A new NASA study has revealed why Antarctic sea grows as Arctic sea ice melts. According to a Jet Propulsion Laboratory (JPL) report, NASA and British Antarctic Survey researchers have announced the first direct evidence that obvious changes to Antarctic sea ice drift caused by changing winds are responsible for observed increases in Antarctic sea ice cover in the past twenty years.
The evidence helps researchers understand how Antarctic sea ice cover has augmented due to climate change, while Arctic sea ice cover has significantly decreased.

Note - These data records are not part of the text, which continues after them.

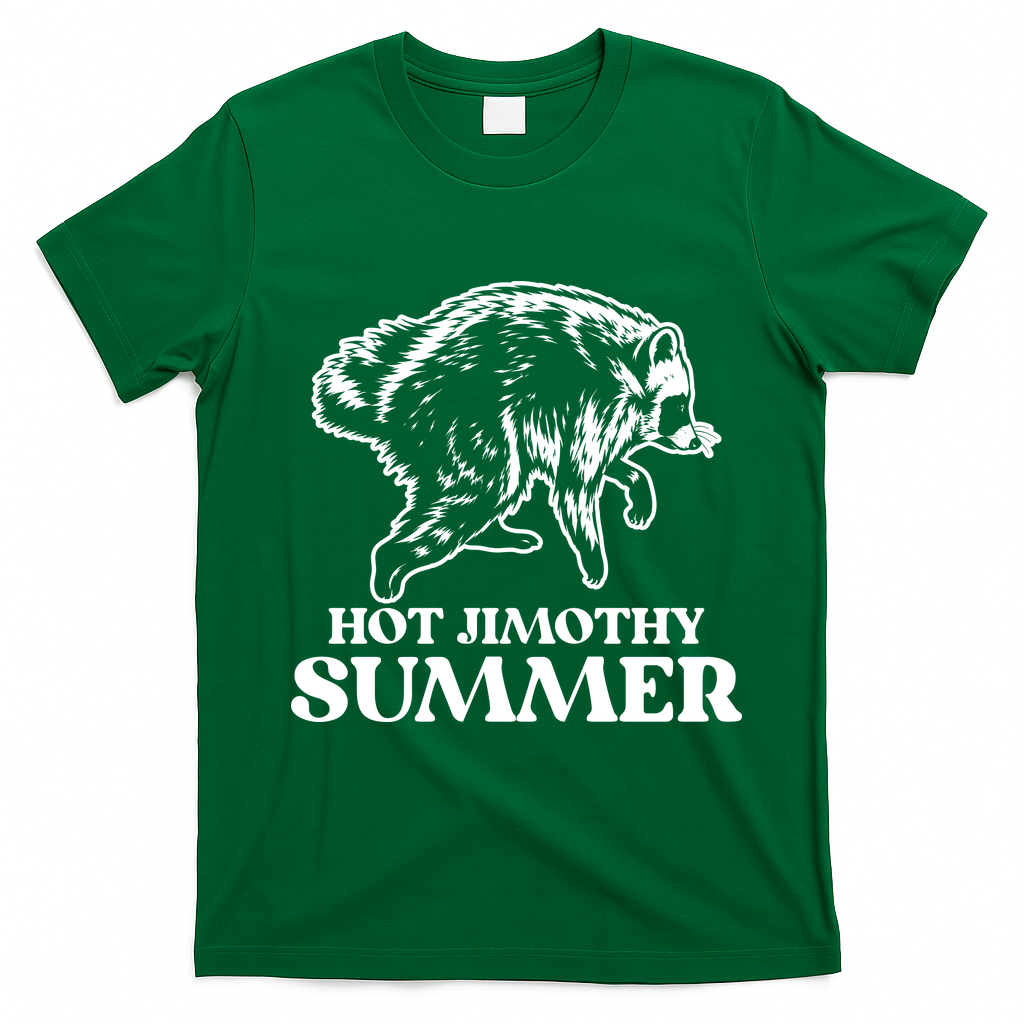 Hot Jimothy Summer Funny Raccoon Meme T-Shirt - Irish Green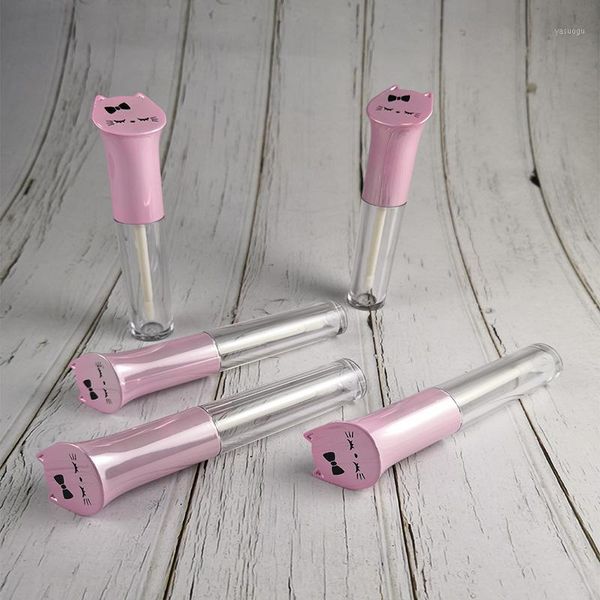 

5 ml lipgloss wand tubes cat shaped pink gold lipgloss packaging cosmetic container diy empty lip gloss tubes 10pcs 30pcs1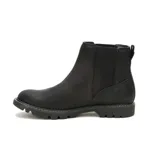 Bota tipo Chelsea de cuero nobuk texturizado en color negro, con paneles elásticos laterales y suela de goma resistente con tracción.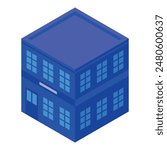 3d vector graphic of a blue isometric office building suitable for designs and layouts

Researchers looked at maps generated by the JPL from more than five million individual daily ice-motion measurements. The data reveals long-term changes in sea ice drift around Antarctica.“Until now, these changes in ice drift were only speculated upon, using computer models of Antarctic winds,” said lead author Paul Holland of the Natural Environment Research Council’s British Antarctic Survey in a statement. “This study of direct satellite observations shows the complexity of climate change. The total Antarctic sea ice cover is increasing slowly, but individual regions are actually experiencing much larger gains and losses that are almost offsetting each other overall. ”
“We now know that these regional changes are caused by changes in the winds, which, in turn, affect the ice cover through changes in both ice drift and air temperature,” Mr. Holland added. “The changes in ice drift also suggest large changes in the ocean surrounding Antarctica, which is very sensitive to the cold and salty water produced by sea ice growth.”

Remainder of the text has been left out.